Will check the 404 issues. Thanks for reporting it
Though i've not had much luck in getting Claude to natively use MCPs, so maybe that's off base heh.
When you initialize backlog in a folder it asks you if you want to set up agent’s instructions like CLAUDE.md. It is important to say yes here so that Claude knows how to use Backlog.md.
Afterwards you can just write something like: Claude please have a look at the @prd.md file and use ultrathink to create relevant tasks to implement it. Make sure you correctly identify dependencies between tasks and use sub tasks when necessary.

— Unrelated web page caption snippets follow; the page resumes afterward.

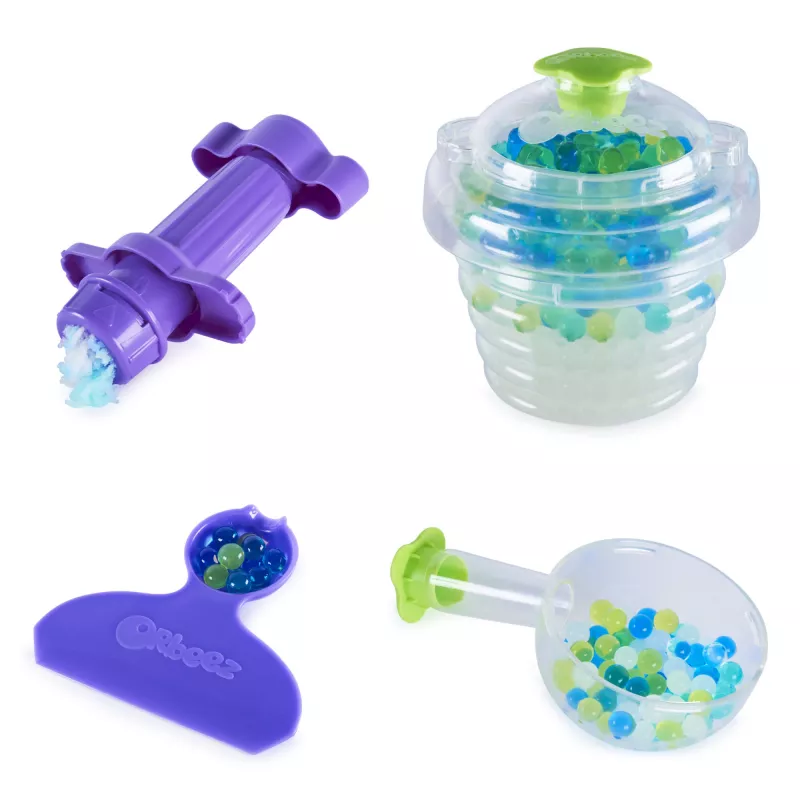 Orbeez Ūdens Bumbiņas Sensation Station 2000 Spīd Tumsā Daudzkrāsains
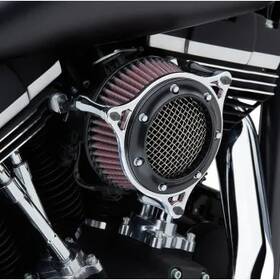 Cobra Tb9vzq21y0 Black Chrome Rpt Venturi Air Cleaner Filter Kit Harley Low Rider St 117 22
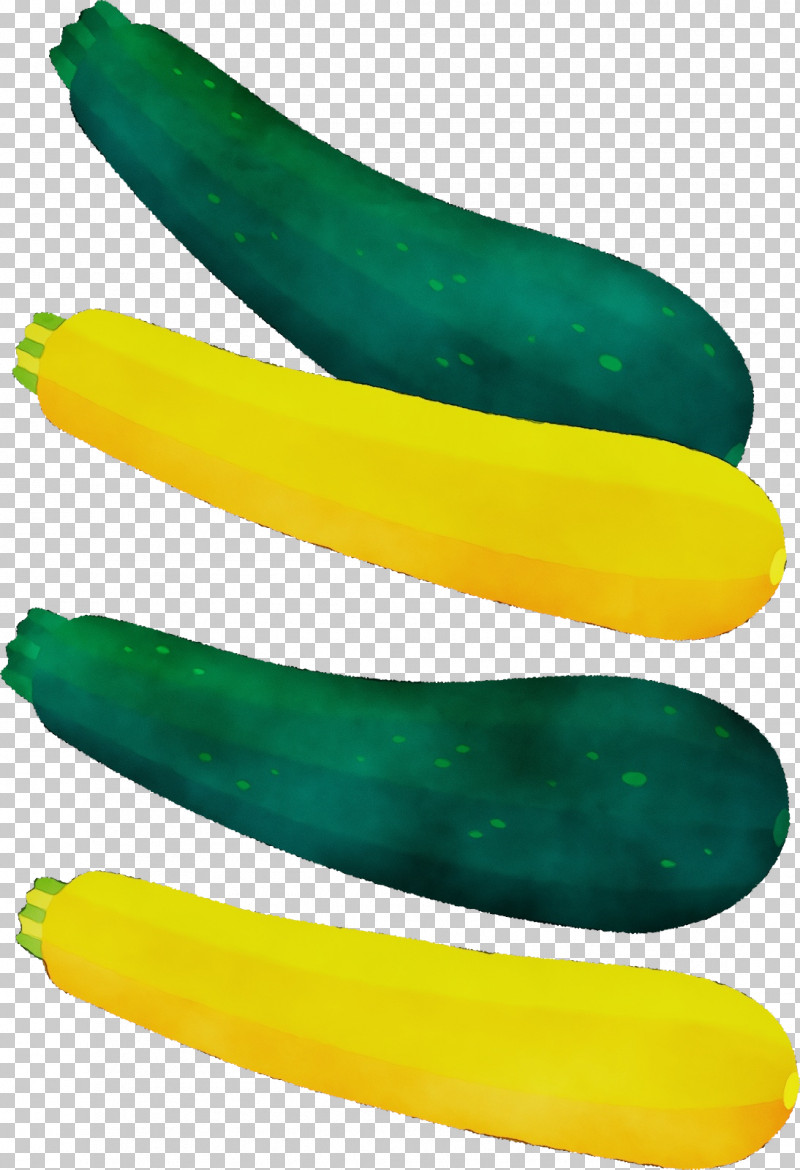 Banana Cucumber PNG, Clipart, Banana, Cucumber, Paint, Watercolor, Wet Ink Free PNG Download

Or you can just paste your feature request directly without using extra files.
Feels a bit like magic
Also I’m not fully sure about your setup. In my fresh pov I would next set up agents that check my github repo for backlog tasks and do pull requests on those tasks. If I write a good description and ideally tests I can optimize the results of these.
This creates the possibility of agents checking your backlog and prepare the work.
I usually work with aider everyday and I’m quite fast in achieving task, the next limitation would be the latency and some back and forth. I have some dead time in between. I can definitely define tasks faster than 1-1 AI.
Yeah if you could share a bit more how you do this with Claude we would all be thankful, also I havent seen anywhere to sponsor/tip you, would love to!